REQUIREMENT
Could you repeat the listing exactly, leaving out the pictures?

GIVEN INFORMATION
↓

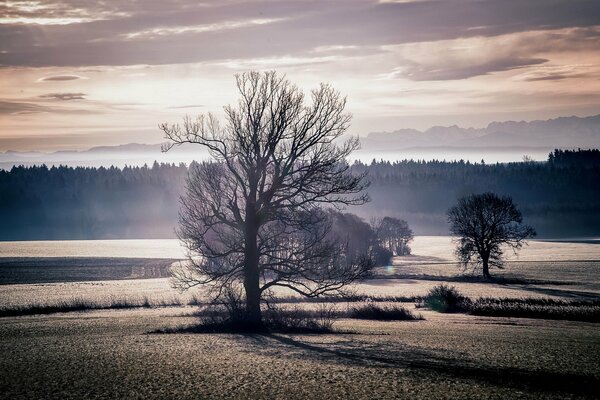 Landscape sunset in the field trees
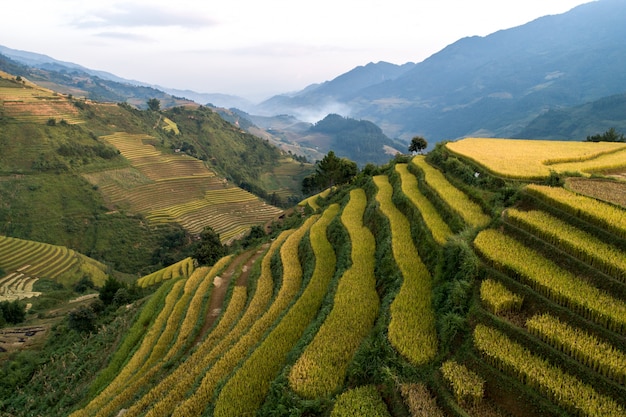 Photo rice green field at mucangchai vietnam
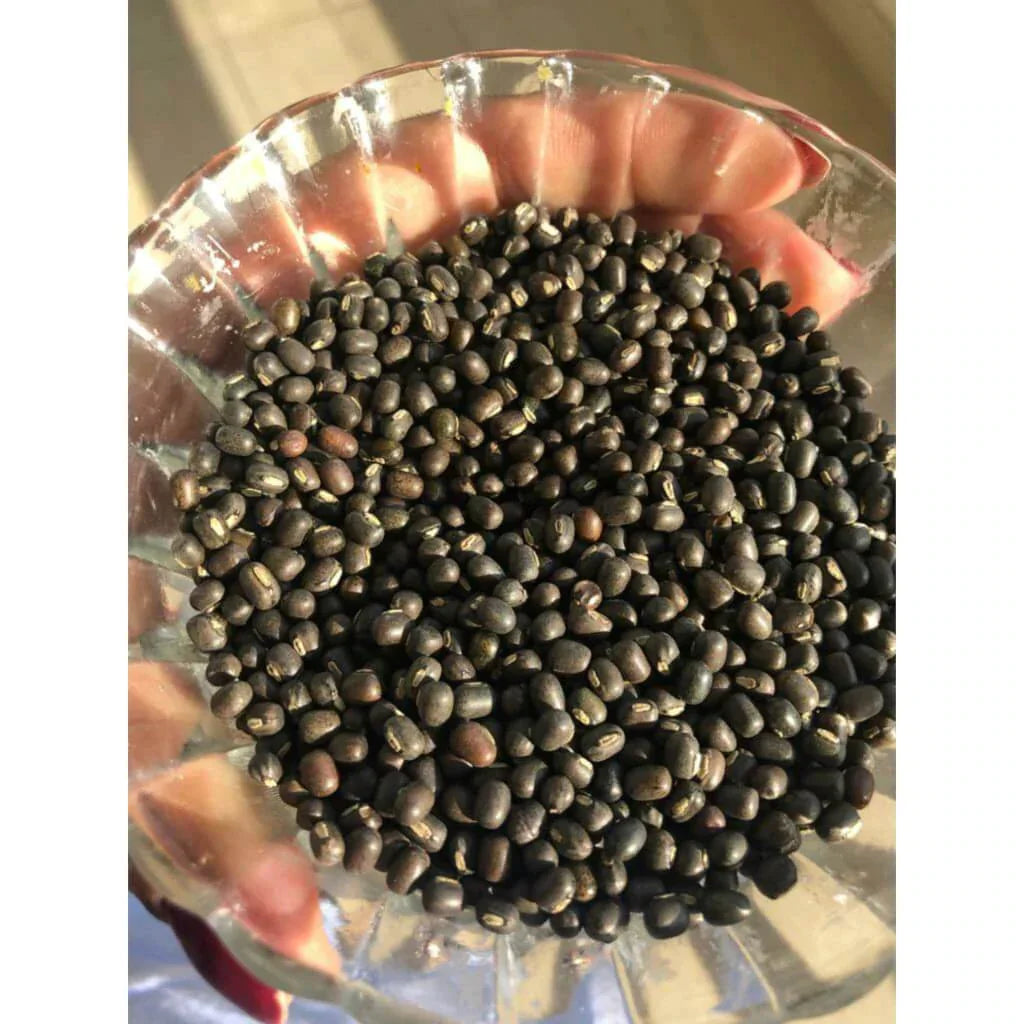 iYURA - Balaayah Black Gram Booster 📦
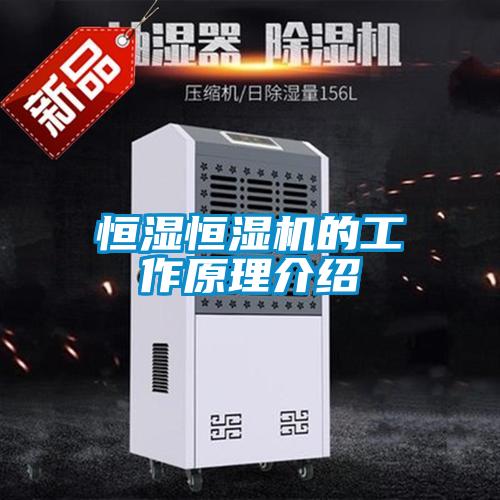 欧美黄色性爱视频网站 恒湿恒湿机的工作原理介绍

↑

EXPECTED ANSWER
 Landscape sunset in the field trees
 Photo rice green field at mucangchai vietnam
 iYURA - Balaayah Black Gram Booster 📦
 欧美黄色性爱视频网站 恒湿恒湿机的工作原理介绍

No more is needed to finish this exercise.